Microsoft is including a custom-designed CPU based on AMD’s Zen 2 and Radeon RDNA architecture, and it’s promising this new console will be four times more powerful than the Xbox One X. Microsoft is also using fast GDDR6 RAM, that it claims will “usher in resolution and framerates we’ve never seen before.”

Project Scarlett test board
Project Scarlett test board

Scarlett will go up against Sony’s PlayStation 5 and Google’s Stadia service

This new Project Scarlett console will support 8K gaming, frame rates of up to 120 fps in games, ray tracing, and variable refresh rate support. Microsoft is also using an SSD on Project Scarlett. “We’ve created a new generation of SSDs. We’re using the SSD as virtual RAM,” says an Xbox spokesperson in an unveiling video. This should boost performance by 40x over the current generation according to Microsoft, and that will mean games load a lot faster.
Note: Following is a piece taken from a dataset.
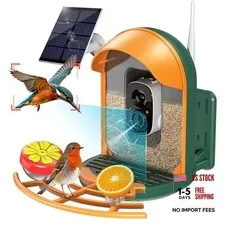 Smart Bird Feeder with Camera, Solar Powered Wireless Birds 2K With Stand Green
Sony is also promising that the PS5 will support up to 8K graphics, 3D audio, SSD storage, and backwards compatibility with existing PlayStation 4 titles. The PS5 will also use an eight-core CPU based on AMD’s third-gen Ryzen line, and ship with a GPU that supports ray-tracing graphics. Sony is also teasing 4K graphics at a 120Hz refresh rate support.
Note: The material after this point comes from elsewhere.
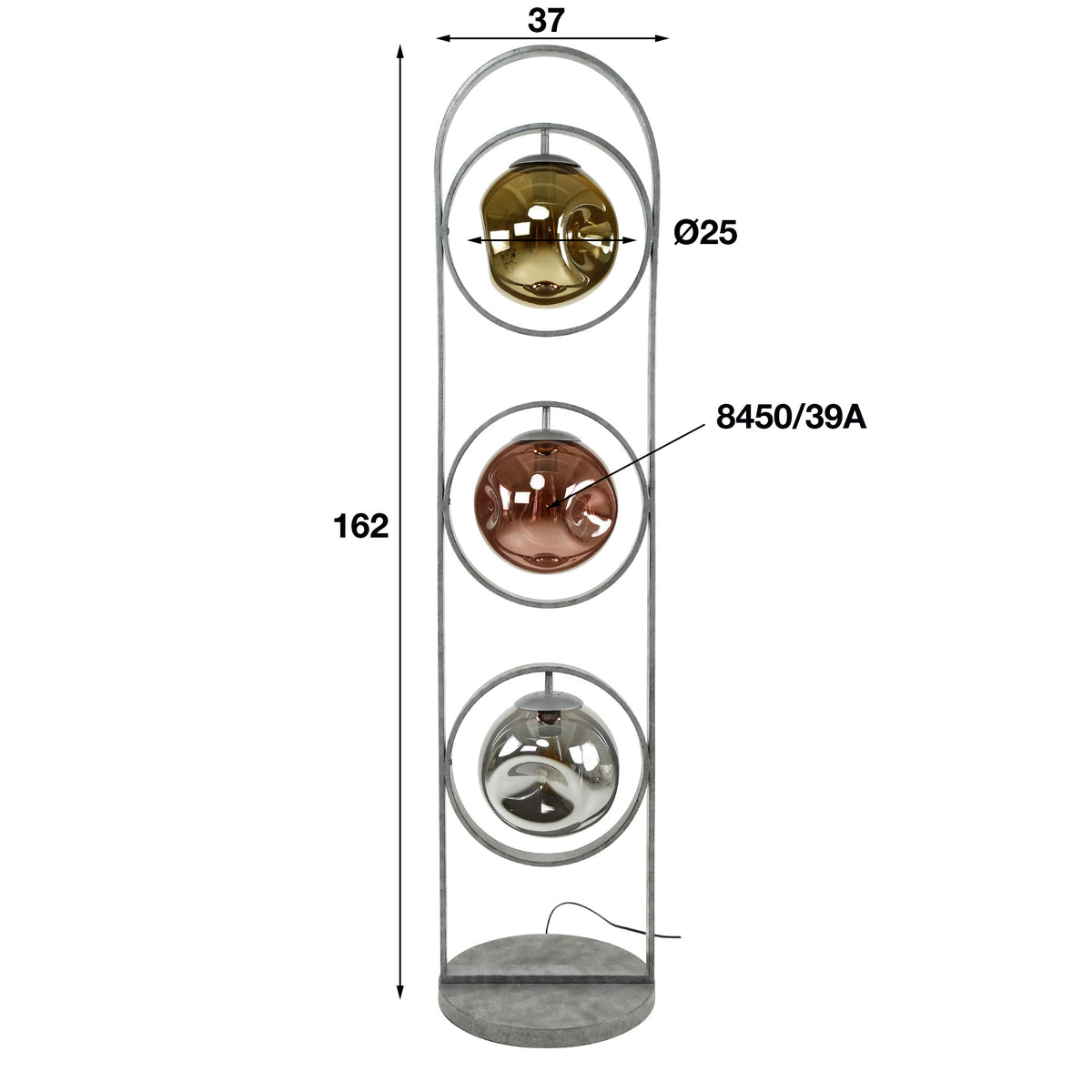 Lampada da terra Ada DH Interior Argento LxLxH 167x44x44 Argento Bianco Indicazione dimensione foto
Halo Infinite is also launching alongside Microsoft’s new Project Scarlett Xbox console, setting the stage for the next generation of Microsoft’s console gaming. Microsoft isn’t showing exactly what Project Scarlett looks like, and the unveiling feels very similar to what the company did with “Project Scorpio.” That console eventually became the Xbox One X, and we’ll now likely see a lot more about Project Scarlett at next year’s E3.